Estavam os dois críticos juntos a dialogar entre si, quando surgiu uma curiosa pergunta:
- Tu acreditas no poder do mal? - Indagou o primeiro.
- Sim. Ele é um Ser muito interessante, porém horrível! - Respondeu avidamente o gêmeo.
- Ora essa! Quem te disse tal asneira?
- O bem!
- Não sejas estúpido! Teu fanatismo te cega! [...] Pois saibas que do mal, a beleza e a inteligência são suas maiores virtudes.
- Sim, eu sei! Afinal, temos que considerar suas origens. Mas ao falar em sua feiura, não me refiro à parte estética. Pois sinceramente o mal para mim é um grande fracassado.
- Mas como assim? Explique-me melhor essa tua idéia...
- Pois vejas tu meu caro colega de censura, há quantos milênios o mal atroz tenta e nunca consegue derrotar o seu grande adversário bem com sucesso?

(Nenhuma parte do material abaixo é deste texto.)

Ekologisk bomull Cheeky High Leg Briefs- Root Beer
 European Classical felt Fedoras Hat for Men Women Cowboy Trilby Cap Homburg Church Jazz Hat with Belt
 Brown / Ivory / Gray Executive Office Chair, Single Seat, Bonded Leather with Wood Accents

- De fato! Mas para esta discussão, eu tenho uma pronta quimera.
- E qual é?
- O bem e o mal são um só. Andam lado a lado, assim como nós andamos. [...] Ambos são tão divinos e tão terríveis, que por si só tornam-se os senhores do universo. E é por isso que eles se degladeiam num lendário combate entre si, que jamais chegará ao fim - unicamente para satisfazer a imaginação humana e o próprio ego.
- E enquanto isso, nós, como meros projetos mortais, temos um pretexto para continuar por aqui, neste mundo obscuro, numa interminável espera.
- Nada tão extraordinário assim, para quem não se desespera, prezado colega!
- Gostei dessa definição. Ela tem seu fundamento. Mas agora preciso ir. [...] Dizem que haverá uma reunião hoje na Corte Celestial para a eleição da nova diretoria, em que eu quero participar - Do lado contra, é claro!
- Que coincidência! O Gehinom também está em chamas com a nova assembléia marcada para esta tarde. [...] E como eu faço parte do conselho deliberativo, não posso deixar de marcar presença. Mesmo sabendo que toda essa baderna não vai dar em nada. Seja lá o que forem discutir ou reinvindicar!
- Então, até a vista caríssimo!
- E que seja muito em breve nobre colega!
... E lá se foi para o seu mundo de trevas dizendo a si mesmo em seu íntimo:
"Mas que idiota! É tão fácil de se manipular. [...] E ainda acha que descobriu a pólvora ou alguma fórmula mágica! [...] Esse aí, sem dúvida está no lugar errado!"
E o outro seguia seu caminho de luz, afirmando consigo:
"Imbecil! [...] Pensa que sabe tudo. Na verdade ele não sabe de nada!"